_Supplied information_:
------------

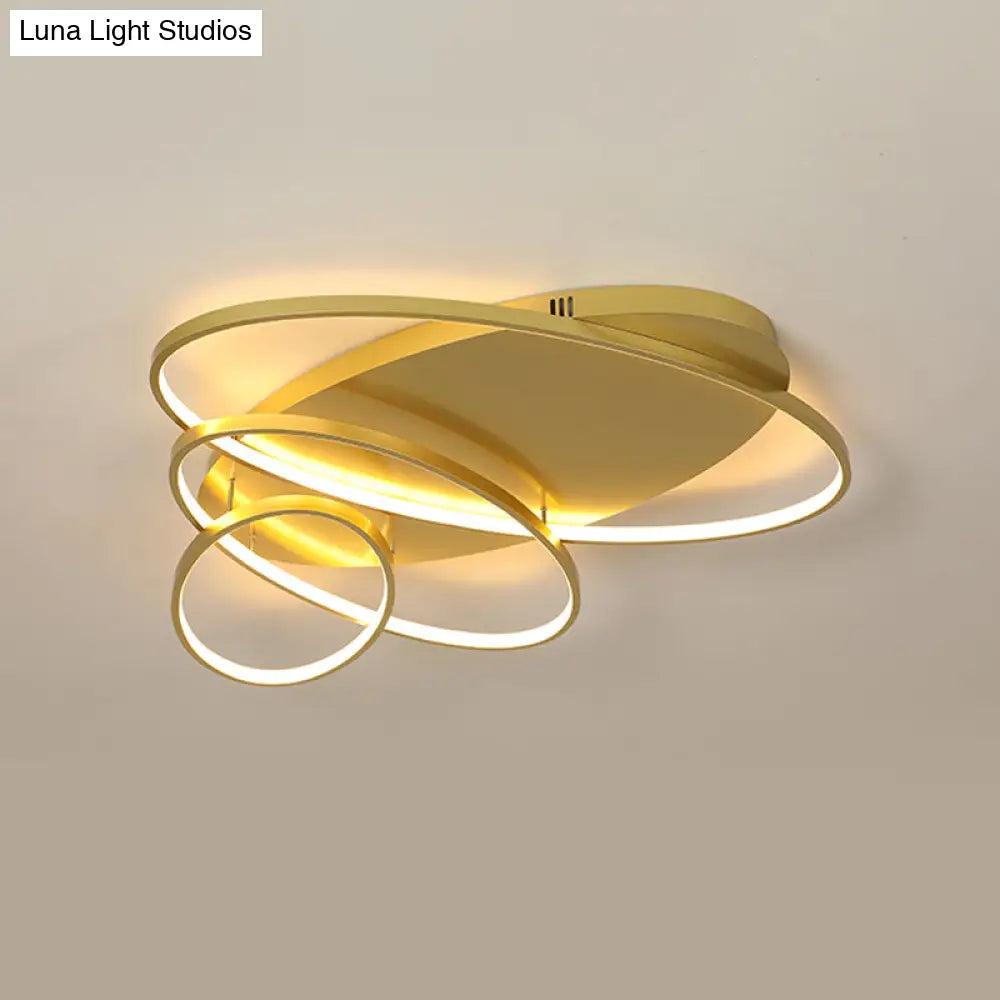 Contemporary Led Ceiling Flush Mount Lamp With Intersected Oval Design Black/White/Gold Finish And
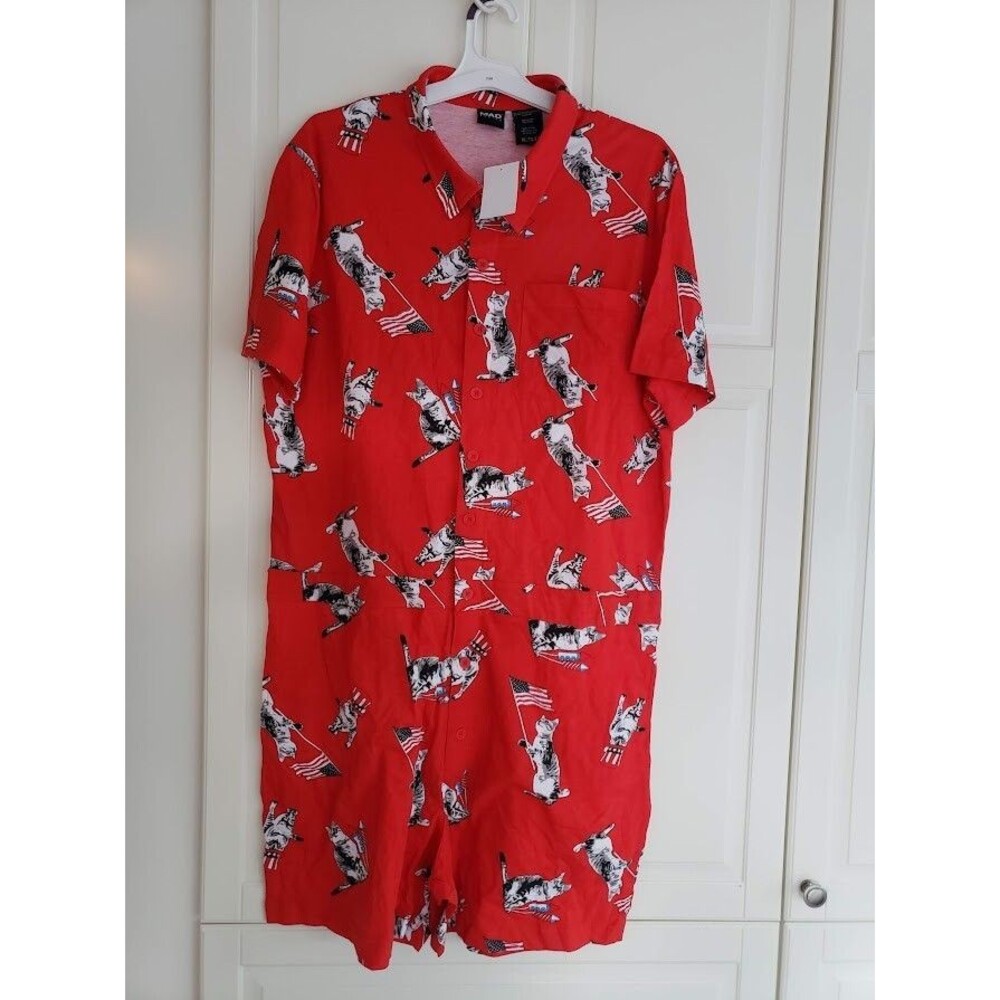 MAD ENGINE Cat Americana Romper - 4th of July - Mens size XL - NEW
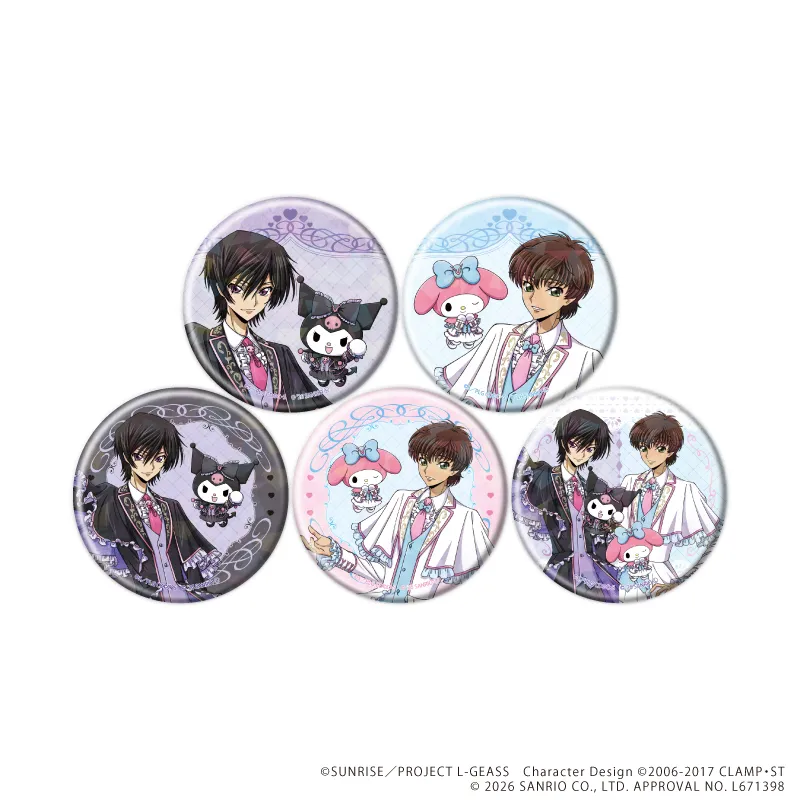ホログラム缶バッジ(57mm)「コードギアス×サンリオキャラクターズ」01/ブラインド(全5種)(コラボイラスト)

------------

_How to complete this task_:
Word for word, repeat all the data, but not its images.

_Expected answer_:
 Contemporary Led Ceiling Flush Mount Lamp With Intersected Oval Design Black/White/Gold Finish And
 MAD ENGINE Cat Americana Romper - 4th of July - Mens size XL - NEW
ホログラム缶バッジ(57mm)「コードギアス×サンリオキャラクターズ」01/ブラインド(全5種)(コラボイラスト)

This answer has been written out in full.